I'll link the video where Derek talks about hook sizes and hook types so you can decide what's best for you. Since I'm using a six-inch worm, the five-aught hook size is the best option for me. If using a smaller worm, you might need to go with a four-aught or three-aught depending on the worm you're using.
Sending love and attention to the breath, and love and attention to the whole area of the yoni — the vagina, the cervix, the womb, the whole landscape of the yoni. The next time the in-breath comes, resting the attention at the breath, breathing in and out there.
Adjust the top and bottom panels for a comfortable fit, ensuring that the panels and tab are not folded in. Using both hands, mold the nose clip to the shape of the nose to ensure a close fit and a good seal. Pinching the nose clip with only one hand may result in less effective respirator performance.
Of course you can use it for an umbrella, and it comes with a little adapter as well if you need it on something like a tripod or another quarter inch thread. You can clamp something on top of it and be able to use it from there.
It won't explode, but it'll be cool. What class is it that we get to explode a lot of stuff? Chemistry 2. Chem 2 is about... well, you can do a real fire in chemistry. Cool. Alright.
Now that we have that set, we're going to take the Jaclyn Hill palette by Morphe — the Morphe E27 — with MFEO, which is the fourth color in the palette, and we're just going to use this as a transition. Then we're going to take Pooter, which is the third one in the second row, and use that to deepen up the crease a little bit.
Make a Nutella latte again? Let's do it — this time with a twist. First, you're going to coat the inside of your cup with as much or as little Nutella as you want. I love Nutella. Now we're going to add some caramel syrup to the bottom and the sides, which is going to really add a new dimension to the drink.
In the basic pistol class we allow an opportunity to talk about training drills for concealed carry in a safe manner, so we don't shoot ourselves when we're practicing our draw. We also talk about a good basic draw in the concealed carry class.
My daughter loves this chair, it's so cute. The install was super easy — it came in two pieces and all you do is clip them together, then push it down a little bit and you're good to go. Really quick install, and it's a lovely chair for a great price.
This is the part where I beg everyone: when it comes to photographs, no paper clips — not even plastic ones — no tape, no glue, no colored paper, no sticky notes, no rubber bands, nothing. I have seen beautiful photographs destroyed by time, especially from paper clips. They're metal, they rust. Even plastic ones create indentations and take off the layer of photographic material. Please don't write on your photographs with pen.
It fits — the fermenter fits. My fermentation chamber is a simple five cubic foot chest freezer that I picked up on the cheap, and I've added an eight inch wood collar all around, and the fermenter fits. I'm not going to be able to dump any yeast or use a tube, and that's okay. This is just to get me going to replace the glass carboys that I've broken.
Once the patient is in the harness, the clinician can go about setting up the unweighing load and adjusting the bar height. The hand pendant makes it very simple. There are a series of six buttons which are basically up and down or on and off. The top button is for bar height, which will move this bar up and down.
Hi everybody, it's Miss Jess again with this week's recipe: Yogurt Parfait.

####

WORK REQUEST >> Your answer should be the exact lines above from the one with "In the basic" through the one with "This is the", both included, and nothing besides.

WRITTEN RESPONSE >>
In the basic pistol class we allow an opportunity to talk about training drills for concealed carry in a safe manner, so we don't shoot ourselves when we're practicing our draw. We also talk about a good basic draw in the concealed carry class.
My daughter loves this chair, it's so cute. The install was super easy — it came in two pieces and all you do is clip them together, then push it down a little bit and you're good to go. Really quick install, and it's a lovely chair for a great price.
This is the part where I beg everyone: when it comes to photographs, no paper clips — not even plastic ones — no tape, no glue, no colored paper, no sticky notes, no rubber bands, nothing. I have seen beautiful photographs destroyed by time, especially from paper clips. They're metal, they rust. Even plastic ones create indentations and take off the layer of photographic material. Please don't write on your photographs with pen.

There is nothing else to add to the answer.